This package implements a method to compute valid p-value for optimal changepoint by selective inference using dynamic programming. Based on the selective inference (SI) framework, we propose an exact (non-asymptotic) approach to compute valid p-values for testing the significance of the changepoints. Although it is well-known that SI has low statistical power because of over-conditioning, we address this disadvantage by introducing parametric programming techniques. We propose an efficient method to conduct SI with the minimum amount of conditioning, leading to high statistical power.

See the paper https://arxiv.org/abs/2002.09132 for more details.

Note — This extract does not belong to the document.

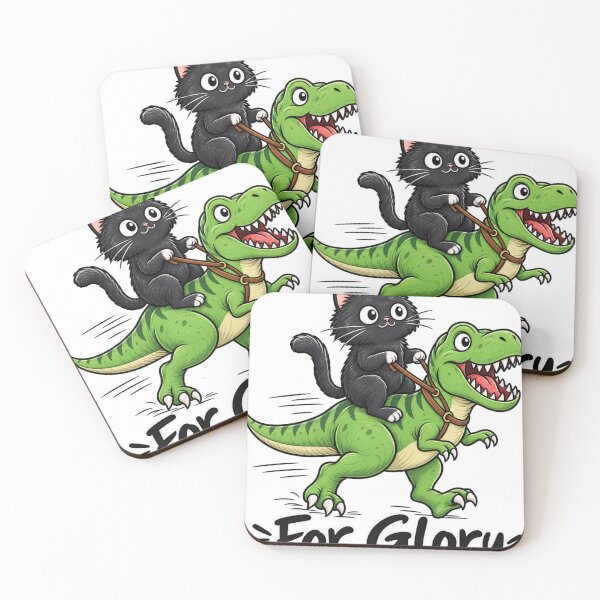 Item preview, Funny Black Cat Riding T-Rex – For Glory Dinosaur Cat Lover Doodle designed and sold by TeehMeow.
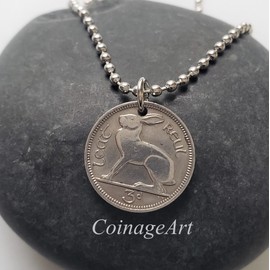 CoinageArt -Celtic Necklace -Irish 3 Pence Rabbit Coin Necklace 3 Pence Coin from Ireland on Silver Tone Adjustable Ball Chain -Celtic Jewelry 5084 A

Installation & Requirements

This package has the following requirements:

We recommend to install or update anaconda to the latest version and use Python 3 (We used Python 3.7.6).

Reproducibility

All the figure results are saved in folder "/figure results" and some results are shown on console.

The following commands are run from the terminal.

  • FPR and Power comparison when K is fixed (Figure 4)

    • FPR
     >> python ex1_fixed_k_fpr_optseg_si_optseg_si_oc.py
    
    • Power
     >> python ex1_fixed_k_power_optseg_si_optseg_si_oc.py
    
  • FPR and Power comparison when K is unknown (Figure 5)

    • FPR
     >> python ex2_unknown_k_fpr_optseg_si_optseg_si_oc.py
    
    • Power
     >> python ex2_unknown_k_power_optseg_si_optseg_si_oc.py
    
  • Power demonstration of the proposed OptSeg-SI (Figure 6)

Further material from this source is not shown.